Exinda targets branches with WAN appliances

FRAMINGHAM, Mass. — Boston-based WAN optimization vendor Exinda has released two new variants of its Edge line of appliances, targeted at branch-office users who need performance enhancement and don’t want to spend a lot of time on setup.

The smaller version, dubbed the Edge 2061 (pictured), starts at US$2,990 and the larger 4061 goes for US$7,240, though the actual prices could vary, given that the company works exclusively through channel sales. Both take up 1U of rack space, though the 2061 can be placed on a desktop instead. According to Exinda, the larger 4061 can manage up to 768,000 concurrent flows using the company’s x700 software, though that number drops to 384,000 when the x800 optimization software is used. The 2061 is limited to 32,000 concurrent flows across the board.

The company says that its use of intelligent traffic shaping to analyze and profile data traveling across a network allows its Edge products to more effectively improve performance. Since different organizations will likely have substantially different factors affecting data throughput, Exinda’s new models use preset profiles tailored to various types of end user.

A profile for use in a college setting, for example, might be tweaked to ensure easy access to educational resources while dialing back access to file sharing and video streaming services — though this can be automatically adjusted.
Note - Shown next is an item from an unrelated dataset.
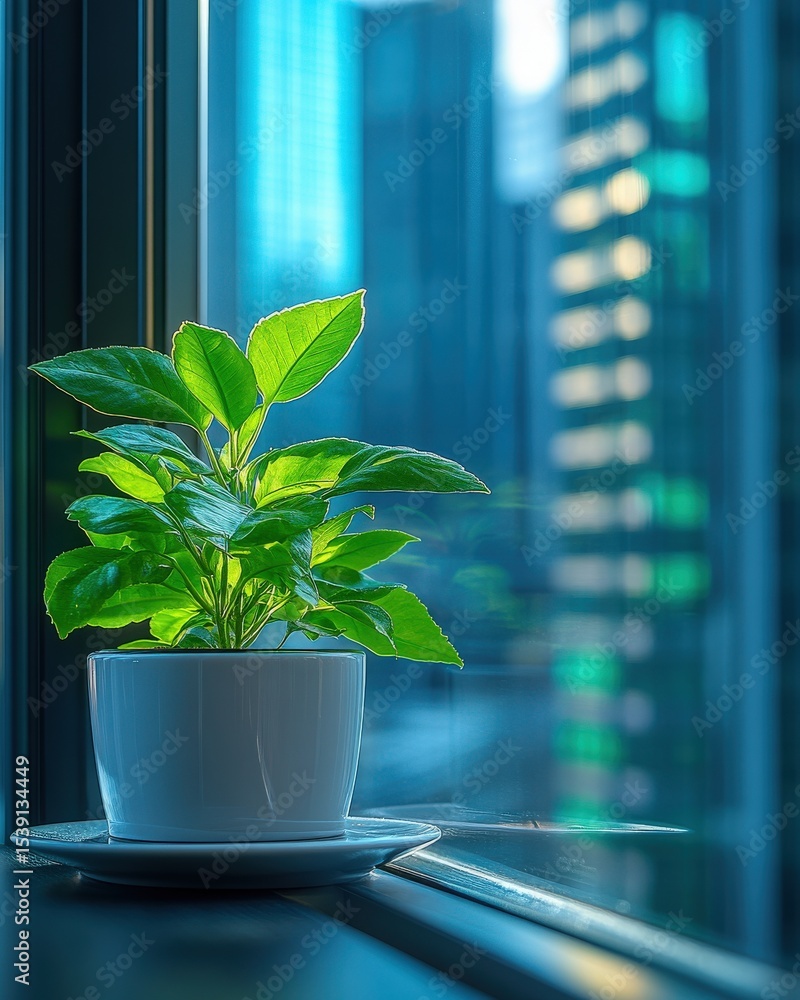 A small green plant in a white pot sits on a windowsill against a backdrop of outoffocus city buildings A small green plant in a white pot sits on a windowsill against a backdrop of outoffocus city buildings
“The educational institution is trying to create a balance between e-learning and a social experience for students,” says Exinda product marketing representative Brendan Reid. “They have to consider a number of variables … is it BitTorrent or is it e-learning? Who are the users, the faculty or the students? What bandwidth is required? What is the usage context? Is it during the day when e-learning is required, or is it at night when social and collaboration’s more important?”

This type of flexibility could help Exinda do business in an increasingly crowded field, as spikes in data traffic outpace the growth in available bandwidth for many businesses — making WAN optimization technology more attractive.